他从风衣内袋里掏出一个小本子,翻到某一页,上面确实记录着“死者苏晴,每周三晚有喂猫习惯”,但后面标注的是“昨晚是否喂猫:未知”。

“她借酱油的时候,手里拎着的购物袋里有猫粮。”

林闲鱼继续说道,指尖因为用力而泛白,“是‘皇家K36’那款,我前女友以前养过猫,说这个牌子有点贵,一般人不会买。

她还抱怨说‘猫主子难伺候,下雨都得准时开饭’,但我当时还笑她,说下雨天猫不会来,不如自己吃了算了。”

他说到这里突然停住,后腰的刺痒感变成了剧痛,像是有什么东西要从皮肤里钻出来。

林闲鱼低头一看,差点叫出声来——那片黑绿色的霉斑竟然在蠕动,边缘处的皮肤己经变成了青灰色,像是腐烂的果肉。

“你在看什么?”

风衣男注意到他的异样,枪口又抬了起来。

“没什么。”

林闲鱼赶紧用衣服挡住后腰,强忍着疼痛继续翻看记事本,“苏晴住三楼302,对吧?

我住二楼201,楼道的监控在三楼拐角,正好能拍到她门口。

你查监控的时候,有没有看到她昨晚八点之后出过门?”

风衣男的脸色微变。

监控确实显示苏晴昨晚七点五十左右出门了,但去向不明——因为三楼天台的入口处是监控盲区。

他原本以为苏晴是去天台喂猫时遭遇了不测,现在听林闲鱼这么一说,倒觉得有点不对劲了。

“她不是去喂猫。”

林闲鱼突然想起什么,拍了下大腿,“她借酱油的时候,脖子上戴着条银项链,吊坠是个小猫形状的。

但刚才你说她的遗物里,好像没提到这条项链?”

风衣男沉默了。

苏晴的遗物清单里确实没有项链,现场勘查时也没发现任何饰品,他当时以为是凶手顺手牵羊拿走了,没太在意。

“那项链是她妹妹送的,她跟我提过一次,说妹妹在国外读书,明年才回来。”

林闲鱼的语速越来越快,大脑却前所未有的清醒,“她不可能摘下来的,除非……”除非是在某个需要摘下项链的场合。

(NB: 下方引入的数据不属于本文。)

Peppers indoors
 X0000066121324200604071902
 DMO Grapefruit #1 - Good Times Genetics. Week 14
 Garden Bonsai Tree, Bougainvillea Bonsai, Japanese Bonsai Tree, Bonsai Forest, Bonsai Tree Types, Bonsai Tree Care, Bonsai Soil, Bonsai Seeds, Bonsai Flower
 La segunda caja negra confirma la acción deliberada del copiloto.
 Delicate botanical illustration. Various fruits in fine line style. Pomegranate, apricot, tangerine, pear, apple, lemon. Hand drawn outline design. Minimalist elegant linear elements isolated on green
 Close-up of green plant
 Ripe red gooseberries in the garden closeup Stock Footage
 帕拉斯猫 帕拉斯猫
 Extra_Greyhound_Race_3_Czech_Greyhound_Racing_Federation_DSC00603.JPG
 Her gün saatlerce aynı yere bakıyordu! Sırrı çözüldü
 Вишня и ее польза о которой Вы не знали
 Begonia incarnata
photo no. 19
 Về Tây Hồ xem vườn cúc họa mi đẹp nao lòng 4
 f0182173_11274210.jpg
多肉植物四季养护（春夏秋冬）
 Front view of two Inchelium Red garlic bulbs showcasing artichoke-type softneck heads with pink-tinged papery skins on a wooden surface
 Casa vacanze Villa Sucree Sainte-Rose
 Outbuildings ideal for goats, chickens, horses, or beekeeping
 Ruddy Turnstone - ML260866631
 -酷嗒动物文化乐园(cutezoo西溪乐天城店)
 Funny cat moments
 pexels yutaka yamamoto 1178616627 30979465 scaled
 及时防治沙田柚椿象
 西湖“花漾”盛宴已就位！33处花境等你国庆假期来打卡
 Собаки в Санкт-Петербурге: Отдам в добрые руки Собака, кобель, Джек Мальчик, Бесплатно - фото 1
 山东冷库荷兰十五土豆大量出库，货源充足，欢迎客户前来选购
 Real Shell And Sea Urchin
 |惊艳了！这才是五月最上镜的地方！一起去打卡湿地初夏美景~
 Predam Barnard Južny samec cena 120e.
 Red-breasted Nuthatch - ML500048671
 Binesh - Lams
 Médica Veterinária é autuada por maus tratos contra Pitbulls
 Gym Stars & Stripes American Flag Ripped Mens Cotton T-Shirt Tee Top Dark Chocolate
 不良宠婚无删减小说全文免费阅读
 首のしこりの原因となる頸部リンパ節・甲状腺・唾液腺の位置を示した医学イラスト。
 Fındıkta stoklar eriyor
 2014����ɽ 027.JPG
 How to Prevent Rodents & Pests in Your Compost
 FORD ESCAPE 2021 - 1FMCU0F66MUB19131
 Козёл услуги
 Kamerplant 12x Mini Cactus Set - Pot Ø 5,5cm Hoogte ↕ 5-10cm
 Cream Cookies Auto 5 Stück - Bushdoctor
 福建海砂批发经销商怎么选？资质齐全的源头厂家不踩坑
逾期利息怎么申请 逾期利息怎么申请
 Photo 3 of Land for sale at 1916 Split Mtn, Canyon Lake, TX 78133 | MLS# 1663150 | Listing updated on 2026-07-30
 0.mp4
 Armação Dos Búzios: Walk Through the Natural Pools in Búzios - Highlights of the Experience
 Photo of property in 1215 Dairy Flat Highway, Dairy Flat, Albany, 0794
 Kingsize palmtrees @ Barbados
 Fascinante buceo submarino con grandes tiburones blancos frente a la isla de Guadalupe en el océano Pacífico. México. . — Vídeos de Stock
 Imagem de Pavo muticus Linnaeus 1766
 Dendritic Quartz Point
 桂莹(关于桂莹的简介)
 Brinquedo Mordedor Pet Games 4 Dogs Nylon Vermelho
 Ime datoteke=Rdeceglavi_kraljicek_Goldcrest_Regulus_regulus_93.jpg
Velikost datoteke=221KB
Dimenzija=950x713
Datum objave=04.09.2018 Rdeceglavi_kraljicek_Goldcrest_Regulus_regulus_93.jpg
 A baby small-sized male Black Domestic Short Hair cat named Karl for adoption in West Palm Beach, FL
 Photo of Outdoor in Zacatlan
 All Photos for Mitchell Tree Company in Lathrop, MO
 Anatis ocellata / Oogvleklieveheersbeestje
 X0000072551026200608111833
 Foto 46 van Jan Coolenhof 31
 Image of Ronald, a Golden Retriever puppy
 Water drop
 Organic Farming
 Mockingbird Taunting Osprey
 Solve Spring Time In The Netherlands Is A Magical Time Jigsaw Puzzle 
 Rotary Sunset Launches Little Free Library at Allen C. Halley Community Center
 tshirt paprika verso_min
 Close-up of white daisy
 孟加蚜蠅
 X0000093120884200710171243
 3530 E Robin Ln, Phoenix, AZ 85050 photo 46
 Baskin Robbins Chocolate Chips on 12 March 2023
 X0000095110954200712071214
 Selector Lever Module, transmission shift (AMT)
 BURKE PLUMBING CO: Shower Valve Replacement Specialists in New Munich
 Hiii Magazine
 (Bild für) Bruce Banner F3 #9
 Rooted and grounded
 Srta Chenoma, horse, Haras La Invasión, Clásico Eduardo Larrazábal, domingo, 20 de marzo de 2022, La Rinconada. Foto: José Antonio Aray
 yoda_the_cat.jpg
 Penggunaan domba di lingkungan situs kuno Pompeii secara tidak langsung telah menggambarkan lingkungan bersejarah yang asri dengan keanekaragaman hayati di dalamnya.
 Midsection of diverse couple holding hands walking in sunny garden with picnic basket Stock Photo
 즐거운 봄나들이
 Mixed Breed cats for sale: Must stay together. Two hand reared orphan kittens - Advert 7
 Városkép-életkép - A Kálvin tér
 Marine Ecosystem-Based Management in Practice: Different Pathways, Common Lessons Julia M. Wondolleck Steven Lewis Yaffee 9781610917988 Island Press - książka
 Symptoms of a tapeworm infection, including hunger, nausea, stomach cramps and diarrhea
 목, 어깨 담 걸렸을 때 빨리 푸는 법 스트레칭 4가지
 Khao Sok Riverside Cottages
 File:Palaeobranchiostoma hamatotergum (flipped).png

林闲鱼突然冲向门口,风衣男下意识地想拦,却被他一个踉跄躲开。

“天台!

她肯定去了天台!”

林闲鱼的声音带着点兴奋,后腰的剧痛似乎都减轻了些,“下雨天猫不会去天台,但有人会去!”

风衣男皱紧眉头,犹豫了两秒,还是跟了上去。

他倒要看看,这个看起来像条咸鱼的年轻人,到底能说出什么花样。

公寓的天台入口在三楼尽头,是扇锈迹斑斑的铁门,平时都用一把大锁锁着。

但现在,锁被人撬开了,断成两截的锁芯掉在地上,上面还沾着点红泥。

“这红泥是天台角落里的。”

林闲鱼指着铁门内侧的脚印,“你看,这是42码的运动鞋印,鞋底的纹路里嵌着红泥,和锁芯上的一致。

苏晴穿的是37码的护士鞋,不可能留下这种脚印。”

风衣男蹲下身,用戴着手套的手指捻起一点红泥。

这红泥的质地很特别,带着点黏性,不像是普通的泥土,倒像是……他突然想起什么,脸色骤变:“这是市一院后山的红泥!

那里正在搞基建,只有内部人员才能进去!”

林闲鱼没听清他在说什么,己经冲进了天台。

雨点打在他脸上,冰凉的触感让他清醒了不少。

天台的地面积着水,隐约能看到几串杂乱的脚印,一首延伸到角落的水箱旁边。

水箱后面放着一个翻倒的猫粮盆,盆里的猫粮被雨水泡得发胀,旁边还散落着几颗没泡透的——正是林闲鱼说的“皇家K36”。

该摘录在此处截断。